Dutch legislation boosts local Reit competitiveness
Dutch real estate investment trusts (Reits) will become more competitive versus European peers under new tax law that has come into force in the Netherlands this year, says the European Public Real Estate Association (EPRA).
The Association, which represents some €250bn of real estate assets via its members, says the Dutch rules now allow ancillary services to qualified alongside core investment activities for treatment under the Reit tax regime.
Such services could include providing meeting space, in-house catering, supplying energy to tenants, and using social media and marketing tools in locations such as shopping centres. Dutch Reits will also have expanded opportunities to engage in joint ventures, EPRA states.
Ronald Wijs, a member of EPRA’s tax committee said: “This legislation is a major improvement.
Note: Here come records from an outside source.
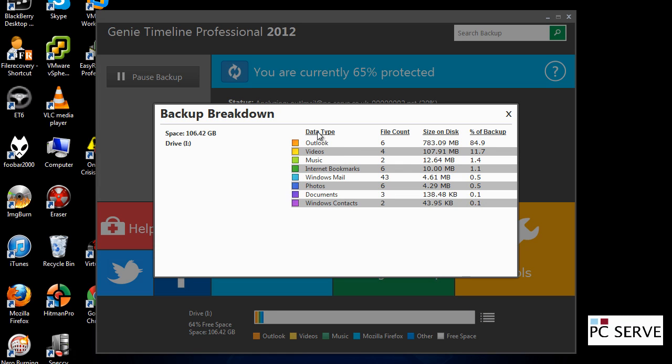And that's a high level of the data types there for Outlook, videos, etc.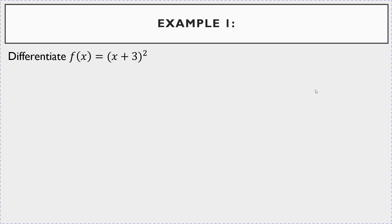Let's differentiate this function: f(x) = (x + 3)². Here, (x + 3) is the inside part — that's the g(x) in the formula — and the exponent 2 is the outside.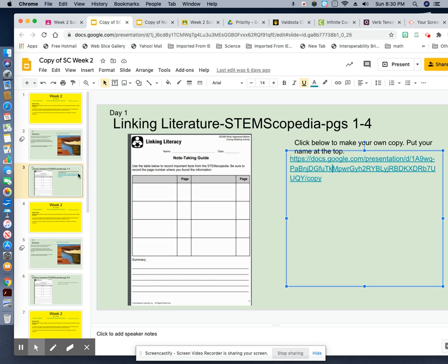Nobody turned this in. This was the note-taking and the nuts and bolts activity from the Stemscopedia article on fossils.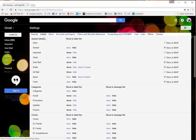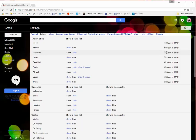Some common folders that you might want to shut off is the important one. You can just uncheck show in IMAP. Then you can go down to all mail. That's another common one. Uncheck show in IMAP. What those folders are is just basically duplicates. The all mail is of your inbox and your sent. The important is also a duplicate of your inbox.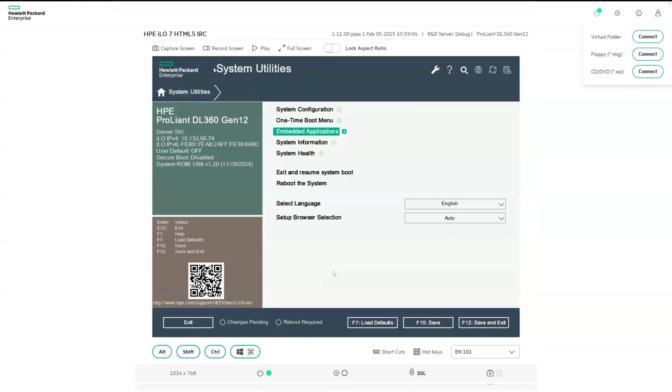That concludes our quick tour of the new HPE ILO 7 management UI that comes with HPE ProLiant Compute Gen12 servers. Thank you for watching.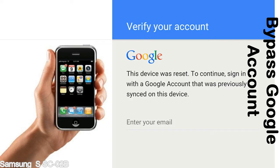This FRP lock is developed by Google, and we provide our FRP unlock solution for free. Today we are providing the methods to unlock FRP lock phones. You can use this solution for almost all FRP lock devices.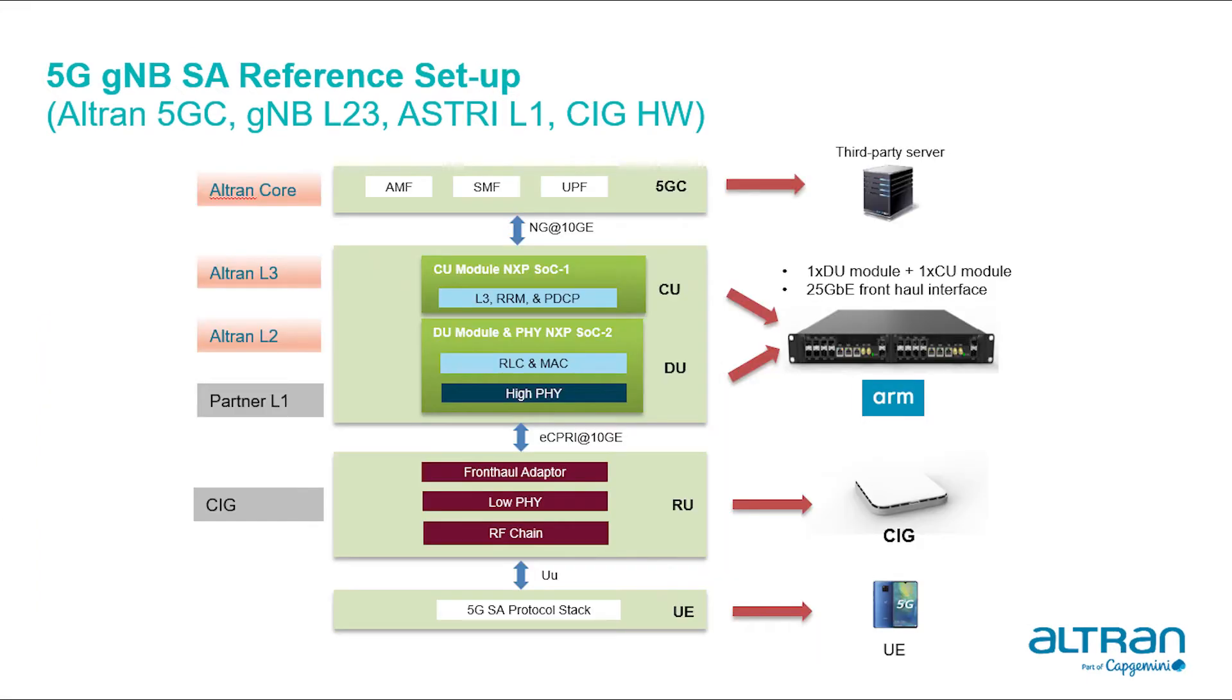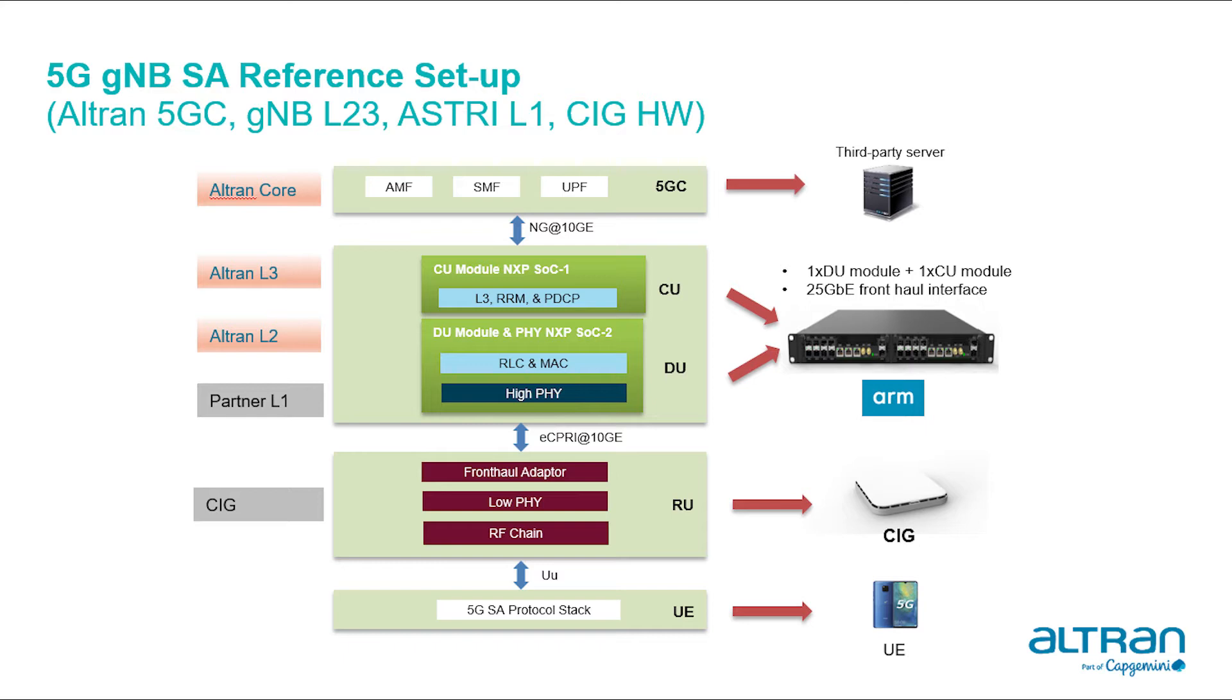This is an overview of the hardware architecture of this setup. The CU module consisting of L3, RRM, and PDCP layers are executed on NXP SOC1, while the DU module consisting of RLC and MAC layers and physical layer as partner L1 are executed on NXP SOC2, which is further connected to CIG RRU module.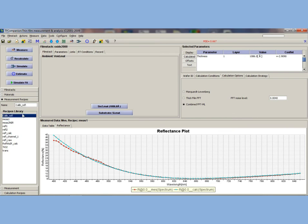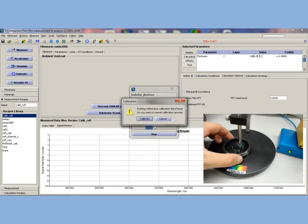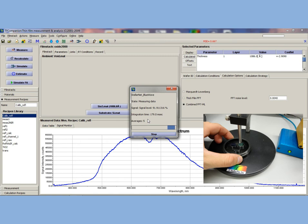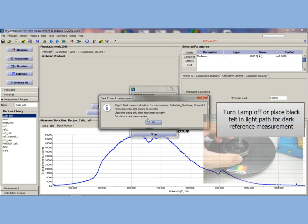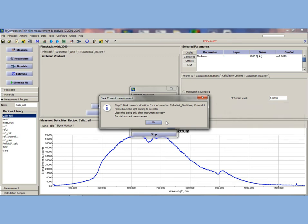Now we would like to take a reference using the silicon reference standard. Place the check sample under the reflectance probe and click on measure. We have selected a calibration recipe — click OK. It will prompt you to first take the spectrum and then take a dark current calibration. Click OK.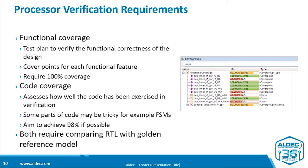Now, verification is an essential part, probably the most important part of a processor development cycle. There are two main elements to it. You need functional coverage. So you need a test plan to verify the functional correctness of the design and cover points for each of the functional features. And you're looking to achieve absolutely 100% coverage.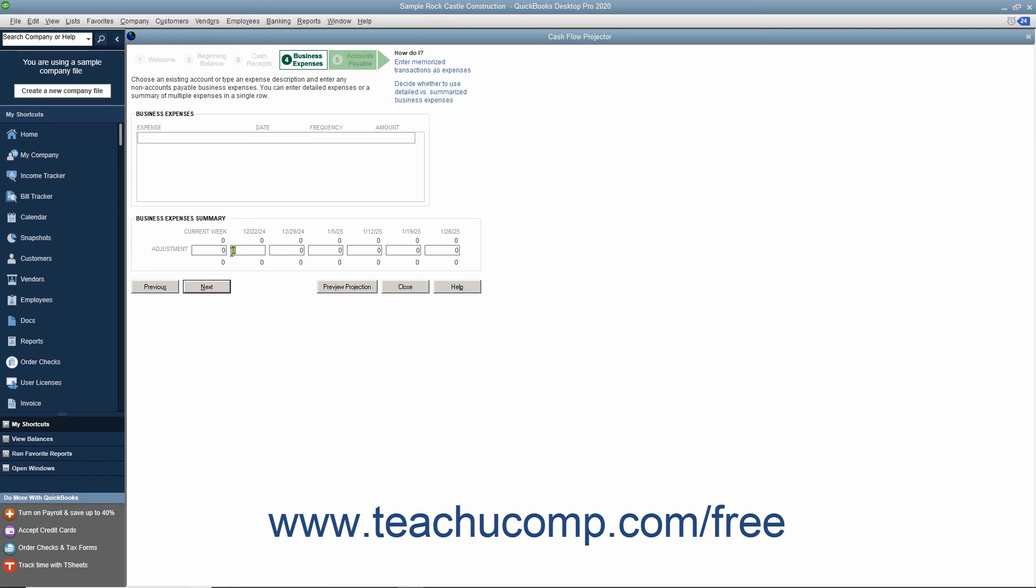Note that each screen has a Preview Projection button at the bottom that you can click to see how your changes will impact the forecast. When you're ready, click the Next button to continue.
It should allow Dutch Reits to manage their property portfolios in a more dynamic way and to meet the changing demands from investors and tenants. As a result, it should enable the Dutch FBIs to compete on a more level playing field with Reits in other countries. The Dutch listed property industry, with the strong support of EPRA, has consulted closely with the Ministry of Finance to achieve this very positive change in the rules.”
The Association via its members represents more than €250bn of real estate assets and 90% of the market capitalisation of the FTSE EPRA/NAREIT Europe index.
Within the index series, Dutch Reits are the second biggest component after the UK, with six companies having a combined market capitalisation value of €24bn representing some 30% of the FTSE EPRA/NAREIT Developed Europe index.
Dutch Reits are also key components of the EPRA Global REIT index, including: Unibail-Rodamco, Corio, Eurocommercial Properties, Wereldhave, Vastned Retail, and Nieuwe Steen Investments. Univail-Rodamco is Europe’s largest listed commercial real estate company, created in 2007 through the merger of France’s Unibail with Dutch company Rodamco.